ProfessorBainbridge.com | Stephen Bainbridge | Jeremy Clarkson on not letting tails wag dogs

I am increasingly persuaded that Jeremy Clarkson is the most sensible person in public life.
Hear, hear.
Take, for example, his recent column on the way legislators and regulators allow "the behaviour of one man" to skew "the concept of everyday life for everyone else."
As we know, one man once got on one plane in a pair of exploding hiking boots and as a result everyone else in the entire world is now forced to strip naked at airports and hand over their toiletries to a man in a high-visibility jacket. ...

Last month a Birmingham couple pleaded guilty to starving their supposedly home-schooled daughter to death. Now, of course, there are calls for parents who choose to educate their children at home to be monitored on an hourly basis by people from the “care” industry, and possibly to have their toiletries confiscated. ....

We seem to have lost sight of the fact that throughout history 90% of people have behaved quite normally 90% of the time. Agatha Christie, for instance, was home-schooled and at no point was she forced to eat breadcrumbs from her neighbour’s bird table.

Of course, at the extremes, you have 5% who are goodie-goodies and who become vicars, and 5% who build exploding hiking shoes and starve their children to death.

It’s this oddball 5% that is targeted by the tidal wave of legislation. But making it more difficult to teach your children at home will not stop kids being mistreated.

It just changes the pattern of everyday life for everyone else. This is what drives me mad.

We now think it’s normal behaviour to take off our clothes at an airport. But it isn’t. Nor is it normal to stand outside in the rain to have a cigarette or to do 30mph on a dual carriageway when it’s the middle of the night and everyone else is in bed. It’s stupid.

And last week the stupidity made yet another lunge into the fabric of society with the news that government ministers were considering new laws that would force everyone to take a test before they were allowed to keep a dog.

No, really. Because one dog once ate one child, some hopeless little twerp from the department of dogs had to think of something sincere to say on the steps of the coroner’s court. Inevitably, they will have argued that the current law is “not fit for purpose”, whatever that means, and that “steps must be taken to ensure this never happens again”.

The steps being considered mean that every dog owner in the land will have to fit their pet with a microchip so that its whereabouts can be determined from dog-spotting spy-in-the-sky drones, and that before being allowed to take delivery of a puppy, people will have to sit an exam similar to the driving theory test. The cost could reach £60, and on top of this you will need compulsory third-party insurance in case your spaniel eats the milkman. ...

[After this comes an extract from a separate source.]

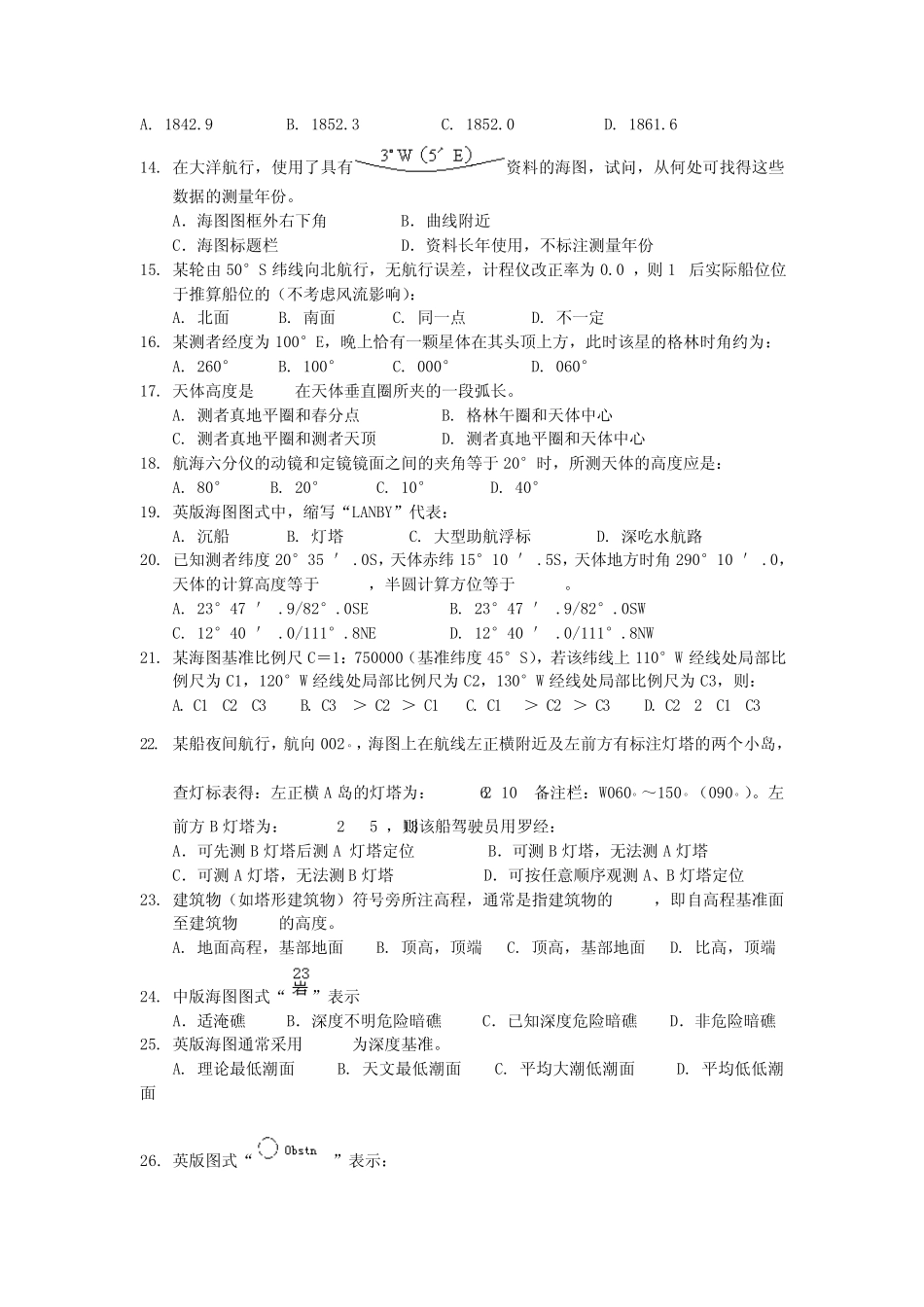 航海类(甲类)三副《航海学》历届真题第36期_第2页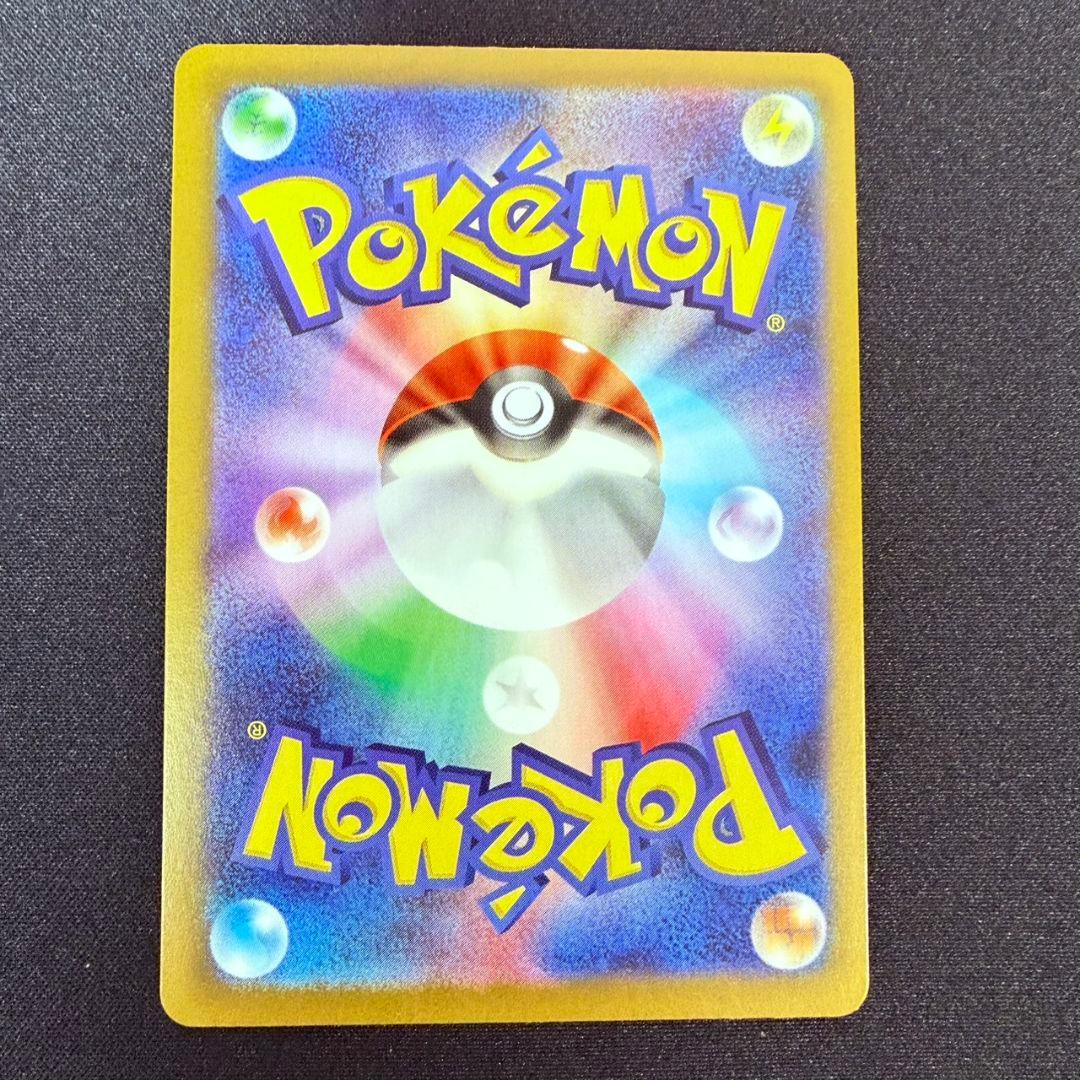 【本日開封品】ポケモンカード　ムニキスゼロ　メイのはげまし SAR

What good did all the airport legislation achieve? None. It simply means that you and I now must get to the airport six years before the plane is due to leave and arrive at the other end with yellow teeth, smelly armpits and no nail file. Did it prevent a chap from getting on board with exploding underpants? No, it did not.

Happily, however, I have a solution to the problem, a way that normal human behaviour can be preserved. It’s simple. We must start to accept that 5% of the population at any given time is bonkers. There are no steps to be taken to stamp this out and no lessons to be learnt when a man with a beard boards a plane with an exploding dog.

Government officials who are questioned on the steps of coroner’s courts must be reminded of this before they speak. So that instead of saying the current law is “not fit for purpose” and that something must be done, they familiarise themselves with an expression that sums up the situation rather better: “Shit happens.”
Apologies for the long quotation, but I find it worthwhile.  We must respond to terrorism, freak accidents, health scares and moral panic attacks the same way we respond to school yard bullies: refuse to be intimidated.

By the way, that's Jeremy Clarkson of Top Gear fame.  Not to belittle automotive journalism or Clarkson's other endeavors, but the Sunday morning stuffed shirts should be hanging their heads in embarrassment that a gearhead like Clarkson gives more level-headed advice than they do.

~ ~ ~ ~ ~

Side note:  I should not be surprised to learn that Clarkson is largely responsible for Isambard Kingdom Brunel's stunning showing (finishing 2nd!) on the 2002 BBC poll of Greatest Britons.

For those of you who do not revere the the great engineers of history, Brunel is undoubtably one of the superstars of the Industrial Revolution.

My hat is off to Sydney Padua, who drew created the depiction of the sideburn-wearing, cigar-chomping Brunel to the left.  Well done.